Aos 75 anos, o recluso aiatolá Ali al Sistani é hoje o homem mais poderoso do Iraque. Os fatos desta semana mostraram claramente a importância desse clérigo que, em janeiro, levou mais de 100 mil manifestantes às ruas de cinco cidades iraquianas para exigir eleições diretas -e, mais importante, orientou-os a voltar pacificamente para casa, com a facilidade de um estalar de dedos, quando conseguiu o que queria dos EUA.
A morte de 181 peregrinos xiitas em atentados na última terça-feira poderia ter detonado uma guerra civil, mas o aiatolá rapidamente abafou qualquer desejo de retaliação. Com a mesma facilidade, boicotou ontem a assinatura da Constituição interina.

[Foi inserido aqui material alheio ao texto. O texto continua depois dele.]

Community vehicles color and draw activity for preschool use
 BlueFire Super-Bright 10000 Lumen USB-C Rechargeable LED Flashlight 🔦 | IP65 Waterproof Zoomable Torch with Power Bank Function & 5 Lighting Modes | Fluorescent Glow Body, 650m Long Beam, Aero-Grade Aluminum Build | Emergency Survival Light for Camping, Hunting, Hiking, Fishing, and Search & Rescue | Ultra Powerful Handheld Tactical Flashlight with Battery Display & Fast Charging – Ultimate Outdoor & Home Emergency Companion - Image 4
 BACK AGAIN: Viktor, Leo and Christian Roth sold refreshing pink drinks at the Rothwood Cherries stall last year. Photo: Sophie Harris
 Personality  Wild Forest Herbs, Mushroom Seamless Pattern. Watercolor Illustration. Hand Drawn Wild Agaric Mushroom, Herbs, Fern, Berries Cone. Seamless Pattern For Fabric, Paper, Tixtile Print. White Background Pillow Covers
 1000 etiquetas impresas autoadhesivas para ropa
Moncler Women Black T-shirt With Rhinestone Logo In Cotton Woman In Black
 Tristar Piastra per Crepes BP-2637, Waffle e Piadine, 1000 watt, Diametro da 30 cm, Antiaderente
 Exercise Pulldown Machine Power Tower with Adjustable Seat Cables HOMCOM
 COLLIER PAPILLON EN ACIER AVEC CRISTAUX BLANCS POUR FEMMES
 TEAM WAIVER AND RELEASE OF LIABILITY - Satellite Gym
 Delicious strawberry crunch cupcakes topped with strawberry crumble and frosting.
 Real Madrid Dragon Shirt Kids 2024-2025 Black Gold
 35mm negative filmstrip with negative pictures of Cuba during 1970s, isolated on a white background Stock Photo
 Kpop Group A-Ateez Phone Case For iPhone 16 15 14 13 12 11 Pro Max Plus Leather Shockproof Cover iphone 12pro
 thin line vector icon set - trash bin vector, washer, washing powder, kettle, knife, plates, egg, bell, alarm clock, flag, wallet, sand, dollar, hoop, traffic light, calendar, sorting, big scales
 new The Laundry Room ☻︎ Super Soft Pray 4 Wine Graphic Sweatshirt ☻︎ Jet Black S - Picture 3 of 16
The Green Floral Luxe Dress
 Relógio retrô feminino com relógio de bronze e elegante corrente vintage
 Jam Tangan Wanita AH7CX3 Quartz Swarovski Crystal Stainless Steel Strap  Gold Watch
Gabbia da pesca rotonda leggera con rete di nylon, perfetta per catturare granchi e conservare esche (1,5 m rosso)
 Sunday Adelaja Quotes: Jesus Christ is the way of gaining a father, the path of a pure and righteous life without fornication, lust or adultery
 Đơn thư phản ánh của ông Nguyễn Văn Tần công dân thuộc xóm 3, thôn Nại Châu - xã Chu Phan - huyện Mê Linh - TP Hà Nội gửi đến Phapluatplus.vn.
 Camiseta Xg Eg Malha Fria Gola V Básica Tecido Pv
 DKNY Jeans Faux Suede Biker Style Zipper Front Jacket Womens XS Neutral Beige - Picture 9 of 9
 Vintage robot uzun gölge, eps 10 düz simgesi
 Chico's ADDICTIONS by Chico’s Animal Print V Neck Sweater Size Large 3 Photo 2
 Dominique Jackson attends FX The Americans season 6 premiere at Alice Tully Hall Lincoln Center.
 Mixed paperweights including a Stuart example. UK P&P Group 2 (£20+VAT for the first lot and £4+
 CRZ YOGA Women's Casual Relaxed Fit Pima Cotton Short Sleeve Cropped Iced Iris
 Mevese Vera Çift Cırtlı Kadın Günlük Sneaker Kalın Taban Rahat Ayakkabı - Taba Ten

O que fica claro após esses episódios é que Al Sistani é o maior obstáculo político encontrado pelos EUA no país até agora. Em pouco tempo, o aiatolá já forçou Washington a redesenhar duas vezes seus planos para o país.
É por causa dele que a Constituição permanente será escrita por uma Assembléia eleita democraticamente, não promulgada às pressas antes da transição. Também é por causa dele que a ONU foi chamada para avaliar a viabilidade de realizar eleições diretas no país e assumiu um maior papel na reconstrução.
Com sua longa barba branca e seu turbante preto -que indica descendência de Muhammad-, ele pode trazer aos americanos a lembrança do aiatolá Khomeini, que liderou a Revolução Islâmica (1979) no Irã, reintroduziu a teocracia no Oriente Médio e se tornou, na época, um dos maiores inimigos dos EUA. Mas, embora os dois tenham nascido no Irã e estudado juntos em Najaf (sul do Iraque), ninguém espera que Al Sistani siga Khomeini.
Um dos únicos cinco grandes aiatolás ainda vivos no mundo -nos últimos meses, outros clérigos iraquianos poderosos acabaram mortos-, Al Sistani é adepto da discrição. Afinal, foi em silêncio e longe da política que ele passou os 24 anos da ditadura de Saddam Hussein.
Nos primeiros meses da ocupação, esse período parecia ter lhe dado certa maleabilidade: sua resposta inicial à invasão foi que "os crentes não devem atrapalhar as forças libertadoras, mas ajudá-las a combater o tirano". O que os americanos não perceberam é que ele também recomendou aos iraquianos que, após essa luta, perguntassem às forças libertadoras quando elas deixariam o país.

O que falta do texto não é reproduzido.